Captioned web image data

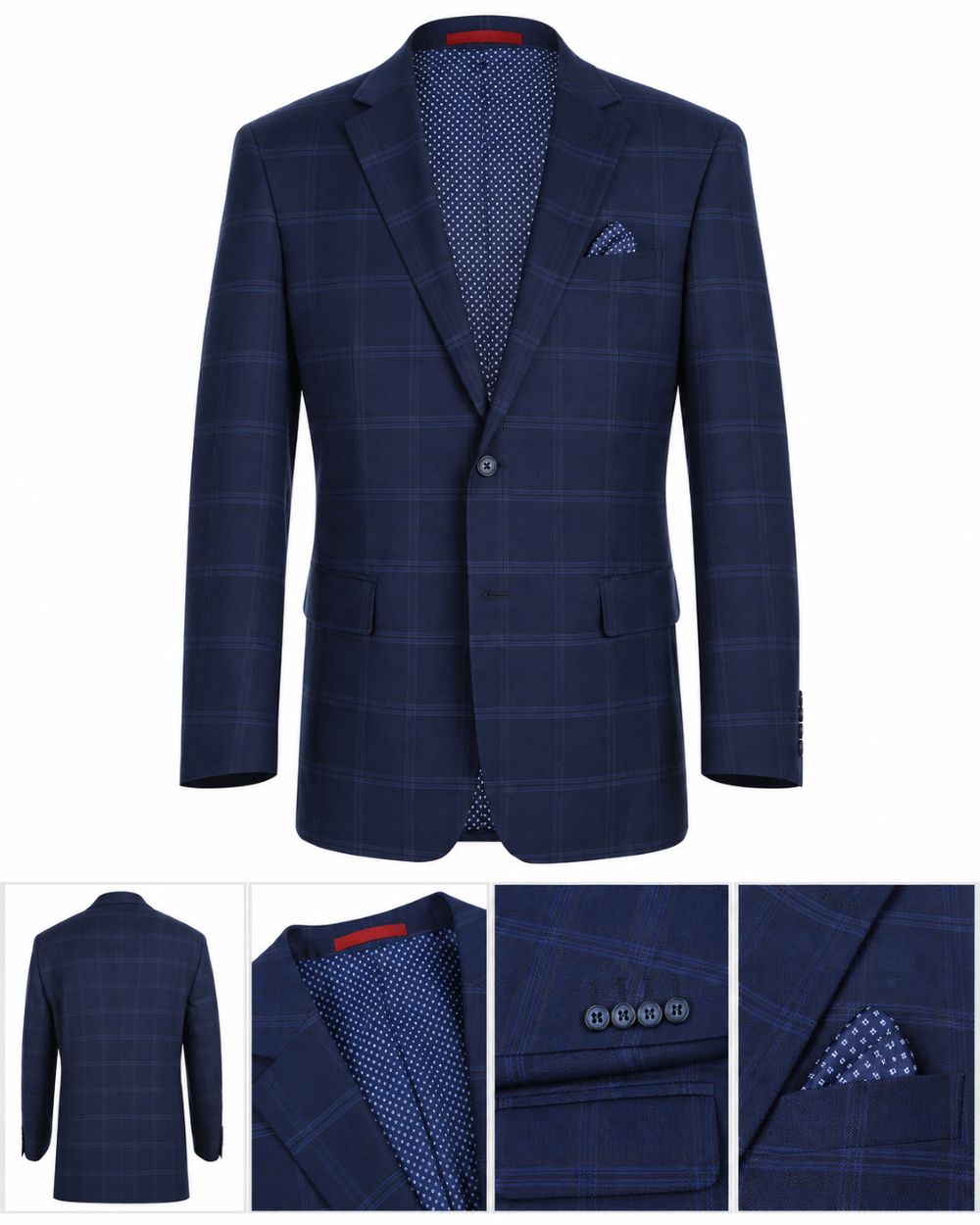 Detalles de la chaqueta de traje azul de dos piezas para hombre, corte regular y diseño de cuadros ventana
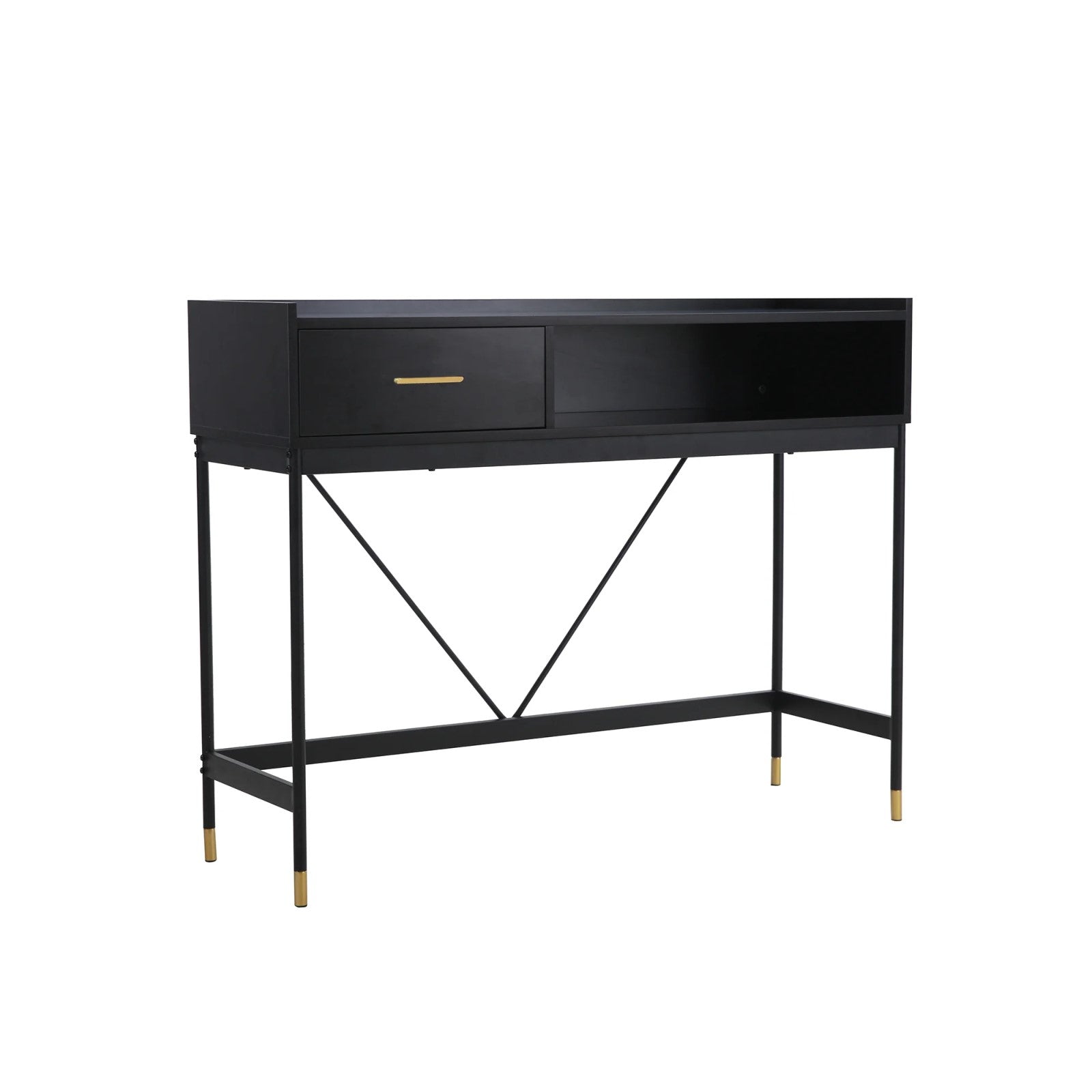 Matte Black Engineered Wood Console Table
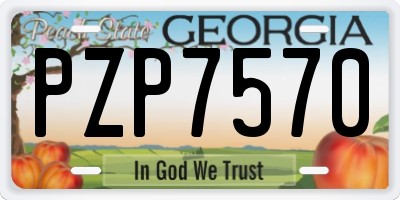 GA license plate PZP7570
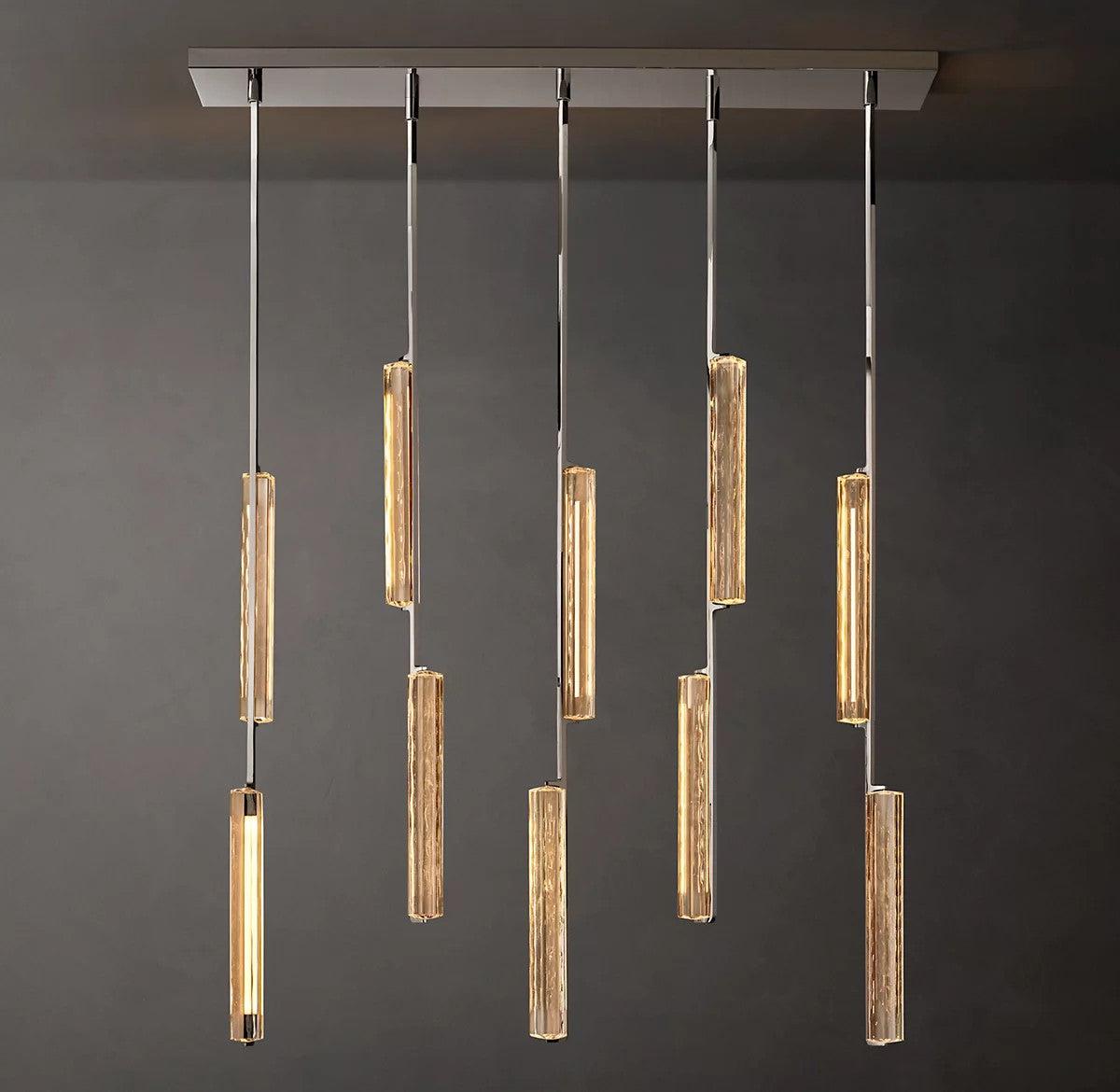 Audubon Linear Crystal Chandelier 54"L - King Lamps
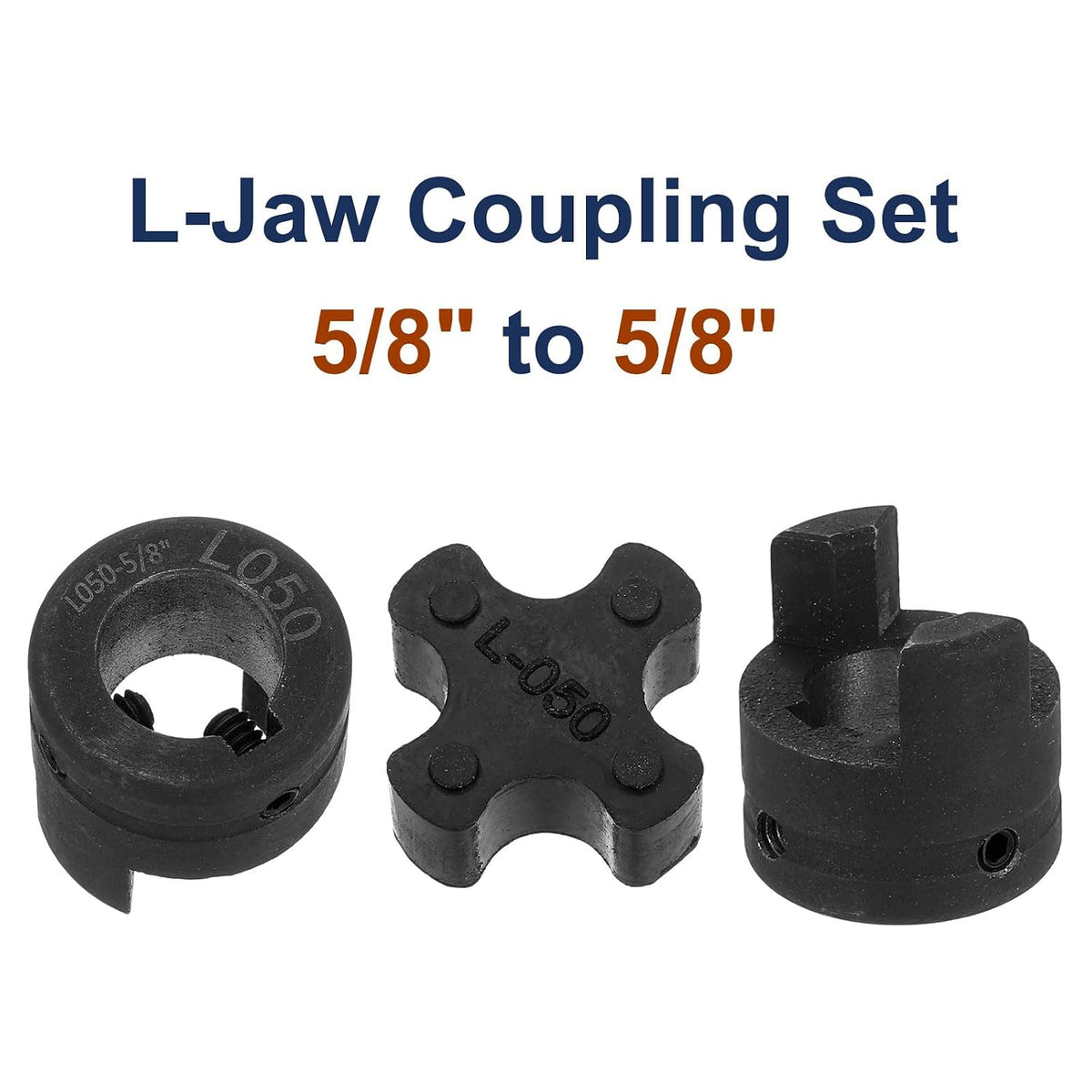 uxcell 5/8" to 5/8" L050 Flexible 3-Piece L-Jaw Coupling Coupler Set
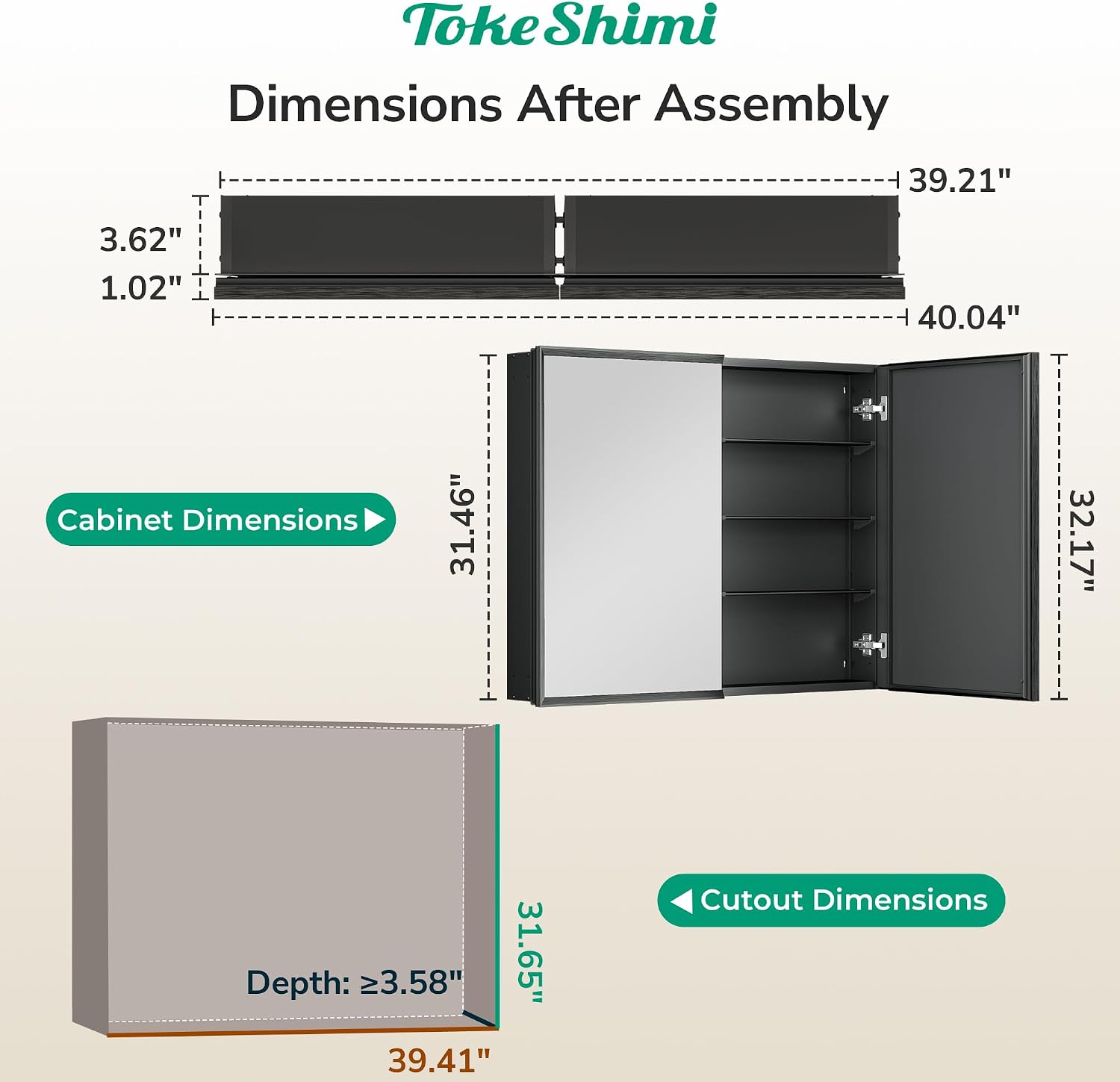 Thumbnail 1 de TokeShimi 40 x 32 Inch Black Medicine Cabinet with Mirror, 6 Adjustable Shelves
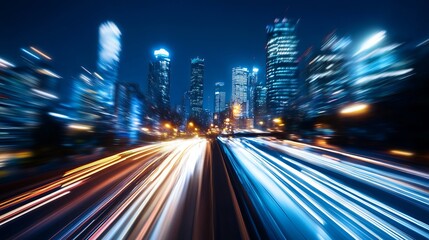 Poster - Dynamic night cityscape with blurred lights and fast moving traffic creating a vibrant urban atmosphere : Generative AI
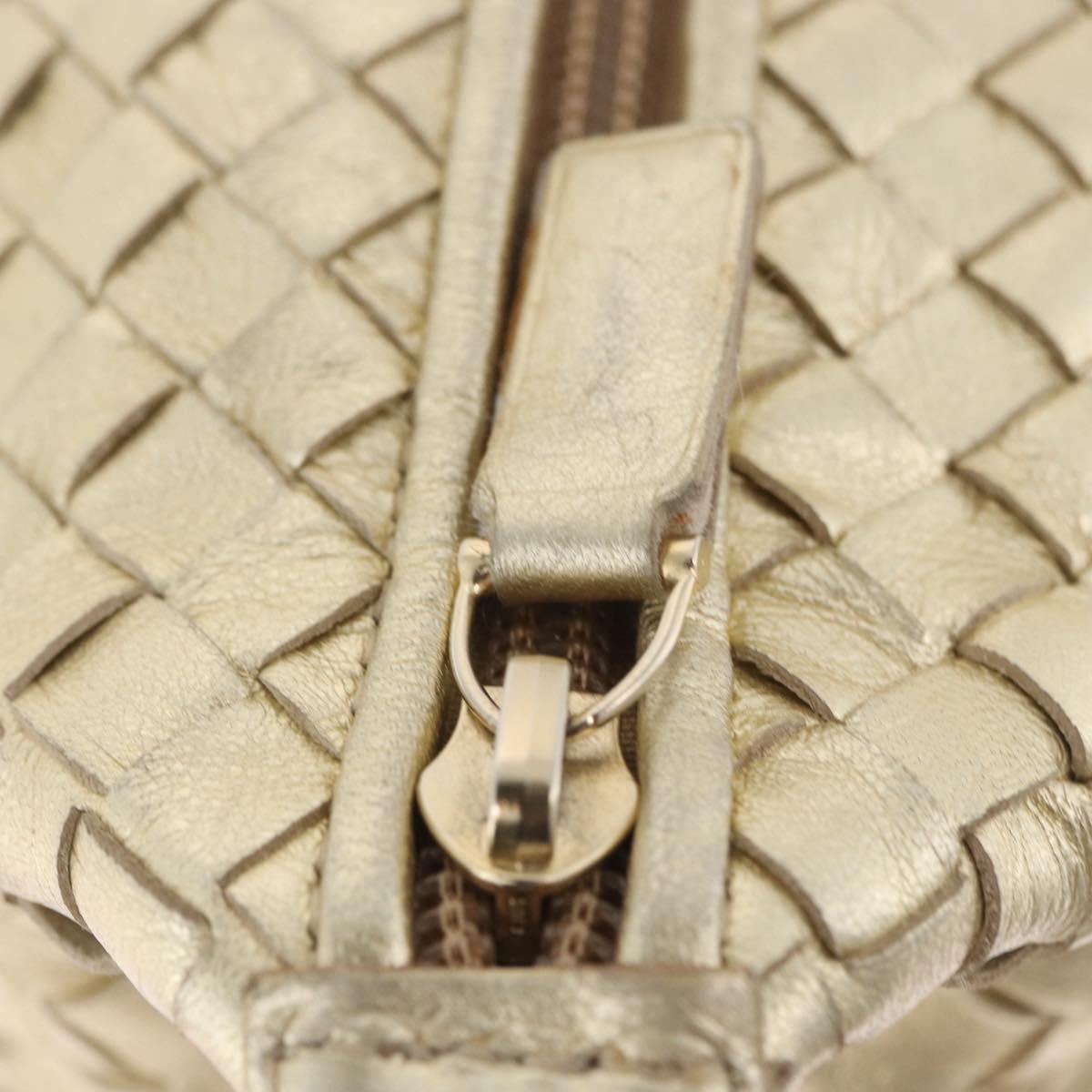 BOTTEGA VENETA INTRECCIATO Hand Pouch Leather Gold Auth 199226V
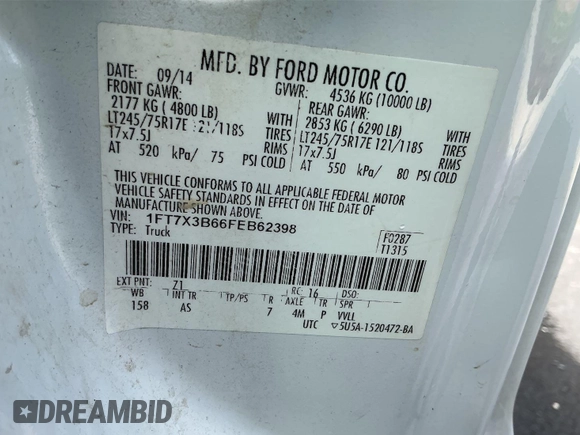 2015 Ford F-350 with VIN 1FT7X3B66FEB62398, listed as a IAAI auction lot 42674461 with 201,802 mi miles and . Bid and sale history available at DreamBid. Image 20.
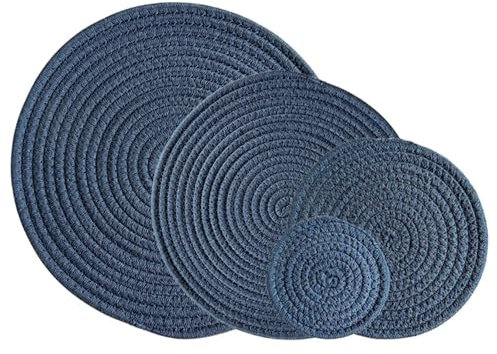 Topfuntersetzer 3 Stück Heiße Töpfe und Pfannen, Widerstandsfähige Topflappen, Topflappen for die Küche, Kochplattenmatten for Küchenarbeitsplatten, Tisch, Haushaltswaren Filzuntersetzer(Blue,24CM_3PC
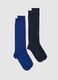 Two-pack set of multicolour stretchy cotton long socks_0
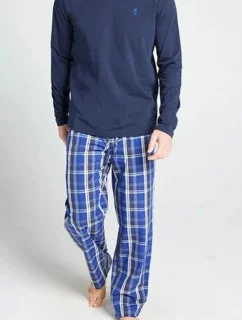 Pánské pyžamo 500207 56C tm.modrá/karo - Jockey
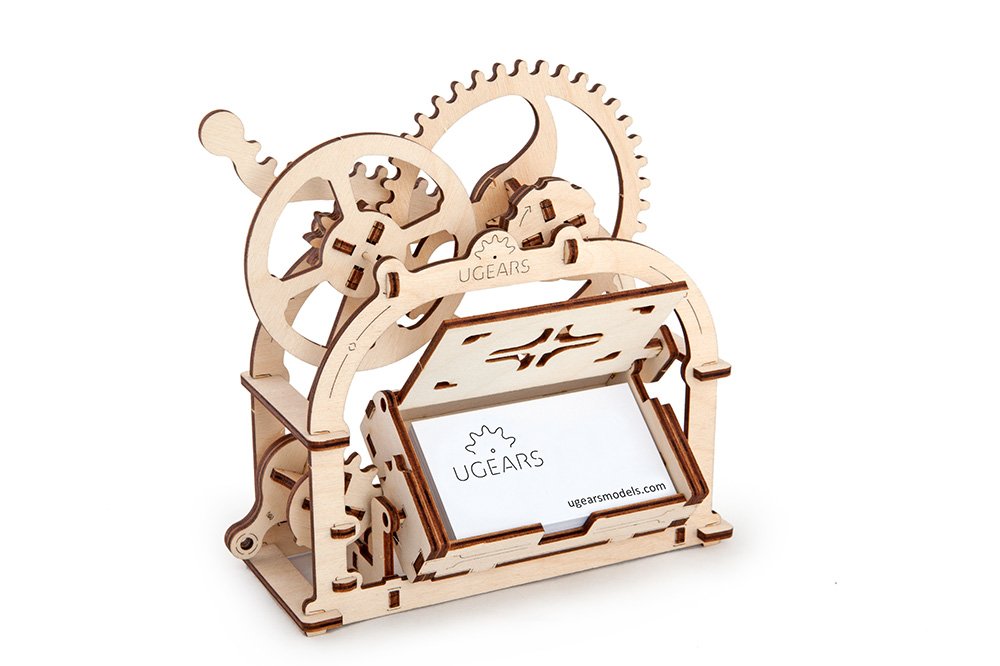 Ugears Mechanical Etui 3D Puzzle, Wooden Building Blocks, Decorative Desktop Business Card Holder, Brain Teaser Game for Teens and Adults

*The problem*:
Write out exactly the lines above between the one with "GA license plate PZP7570" and the one with "Pánské pyžamo 500207", inclusive, with pictures left out.

*Task response*:
 GA license plate PZP7570
 Audubon Linear Crystal Chandelier 54"L - King Lamps
 uxcell 5/8" to 5/8" L050 Flexible 3-Piece L-Jaw Coupling Coupler Set
 Thumbnail 1 de TokeShimi 40 x 32 Inch Black Medicine Cabinet with Mirror, 6 Adjustable Shelves
 Poster - Dynamic night cityscape with blurred lights and fast moving traffic creating a vibrant urban atmosphere : Generative AI
 BOTTEGA VENETA INTRECCIATO Hand Pouch Leather Gold Auth 199226V
 2015 Ford F-350 with VIN 1FT7X3B66FEB62398, listed as a IAAI auction lot 42674461 with 201,802 mi miles and . Bid and sale history available at DreamBid. Image 20.
 Topfuntersetzer 3 Stück Heiße Töpfe und Pfannen, Widerstandsfähige Topflappen, Topflappen for die Küche, Kochplattenmatten for Küchenarbeitsplatten, Tisch, Haushaltswaren Filzuntersetzer(Blue,24CM_3PC
 Two-pack set of multicolour stretchy cotton long socks_0
 Pánské pyžamo 500207 56C tm.modrá/karo - Jockey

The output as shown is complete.